Adela Kardos (Head of Legal, Christchurch City Council) opened the event with a warm welcome noting that Christchurch was back in business and hoping the event would cement new professional relationships among local government lawyers.  Judith Cheyne, Ian Thomson and Brent Pizzey (Christchurch City Council) provided updates and insights with their involvement in water reforms and the likely flow and shape of things in the future.  We had a wonderful line up of mixed legal teams, size and localities for a panel discussion.  Catherine Schache (Environment Canterbury), Fiona McLeod (Nelson City Council), Jennie McFarlane (Waipa District Council) and Beth Keightley (Wellington City Council) discussed and answered questions around practice issues, how to get the most out of external legal providers / panels and managing the legal function.  It was great to hear different practical experiences and realities around such things as the “triage” role, use of technology, taking instructions, externally briefing, expectations and accountability of legal providers.

Te-Kaharoa Manihera (Christchurch City Council) and Donna Llewell (Bay of Plenty Regional Council) provided a session about legal obligations to Tāngata Whenua.  Donna impressing on us that a Treaty based relationship means that Māori are not just another community stakeholder in local government business.  She also touched on the scope and potential impact for local government with the MACA (Takutai Moana / Coastal Marine Area) customary title proceedings.  Te-Kaharoa talked about Tikanga Māori and key principles that underpin the relationships, collaboration and reciprocal obligations for successfully working with our Māori communities. He was a shining example of a Council employee balancing his whakapapa obligations having earlier that morning been urgently called off to give karakia / blessings in a community matter.  Te-Kaharoa also reminded us that Māori are also landowners and ratepayers in local government business.

Dawn Baxendale (Chief Executive, Christchurch City Council) provided her thoughts through a new pair of eyes on the role of the local government lawyer.  Dawn came from the UK to take up the role of CE in NZ five months ago.  She strongly rejects use of the terms “no” and “clients”.  We are all colleagues in this local government space.  Dawn considered that the legal adviser must be part of the trusted, tight triangle (i.e.

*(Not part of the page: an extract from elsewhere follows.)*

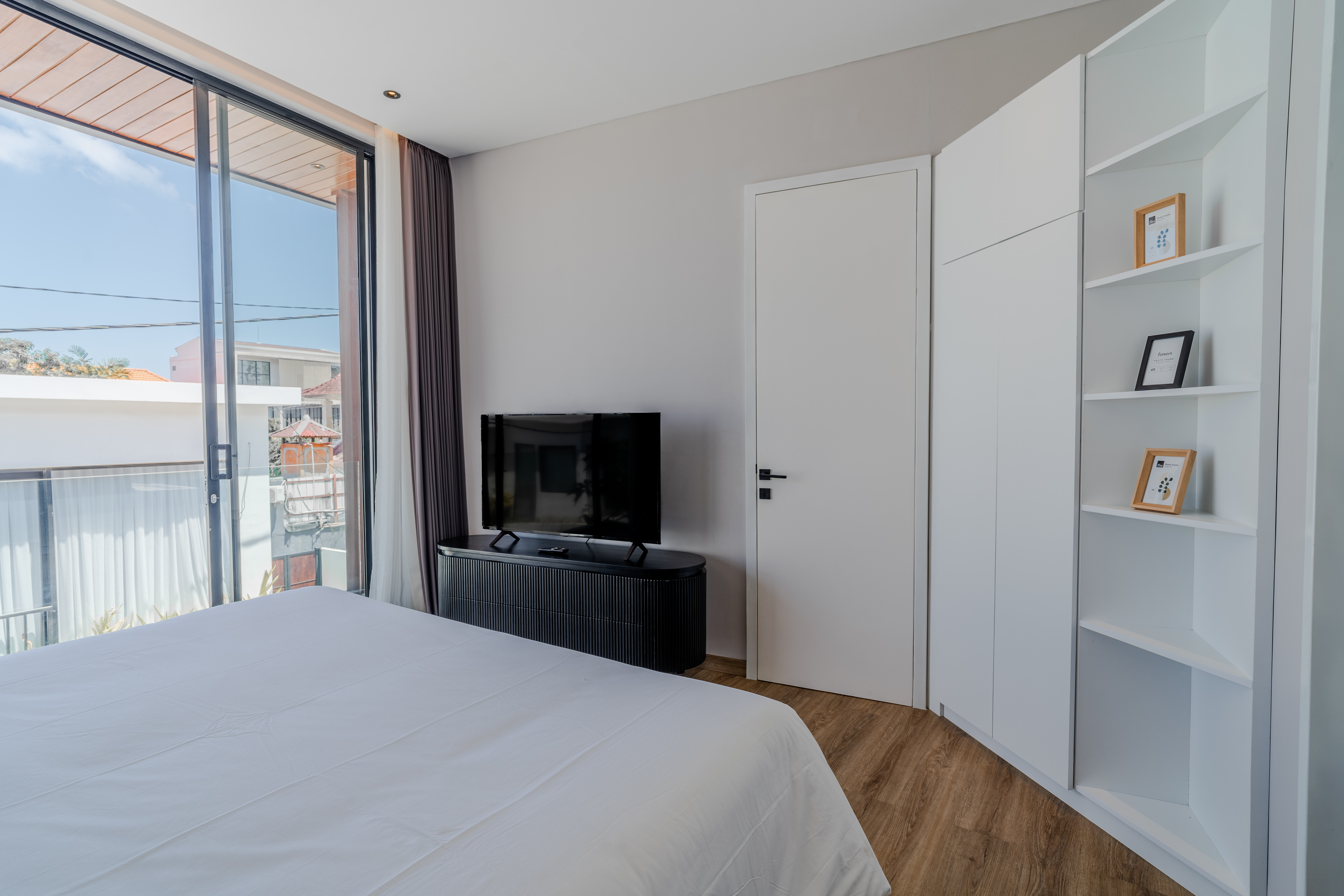 VILLA DE LUJO EN UMALAS, CON  PISCINAS PRIVADA. OFICINA — imagen 7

CE, CFO and CLA); and that a lawyer can add significant value as part of the leadership team.  However, it is critical for such a lawyer to build and maintain those critical relationships, be trusted and demonstrate their added value for successful local government business.

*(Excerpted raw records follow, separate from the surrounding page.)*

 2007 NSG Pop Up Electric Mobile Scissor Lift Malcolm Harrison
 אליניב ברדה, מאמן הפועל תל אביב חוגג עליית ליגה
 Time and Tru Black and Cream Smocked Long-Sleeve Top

Meredith Webb and Katy Bexley (Auckland Council) gave us an Auckland perspective of recent hot topics within their legal worlds.  This included reporting on a recent High Court judicial review decision on Accommodation Provider Targeted Rates (i.e. rating of providers of on-line accommodation),  challenges and balancing the rental of Council venues with the Bill of Rights freedoms of expression and association, and health, safety and commercial dramas around electric scooters.

Event participants were fed lunch and after-event drinks and nibbles by the kind sponsorship of Simpson Grierson and Buddle Findlay. The pre-lunch session was given by Joanna Lim, Sarah Scott and Mark Baker-Jones (Simpson Grierson) on the topic of climate change, explanation of the emissions trading scheme, workings of the zero carbon response bill, and RMA coastal & natural hazards planning.  The pre-drinks session was given by Susan Rowe (Buddle Findlay) on legal professional privilege and putting that with practical tips into a local government context.

It has been a number of years since a dedicated gathering of local government lawyers so this event was very well received, stimulating and provided a great opportunity for sharing and networking with new colleagues.  Special mention and bit thanks also to Vivienne Wilson and Latoya Ahkuoi (Christchurch City Council) for taking on the responsibility and organisation of this event.  It is hoped that another Council legal team will soon volunteer to host and organise a similar event for 2021.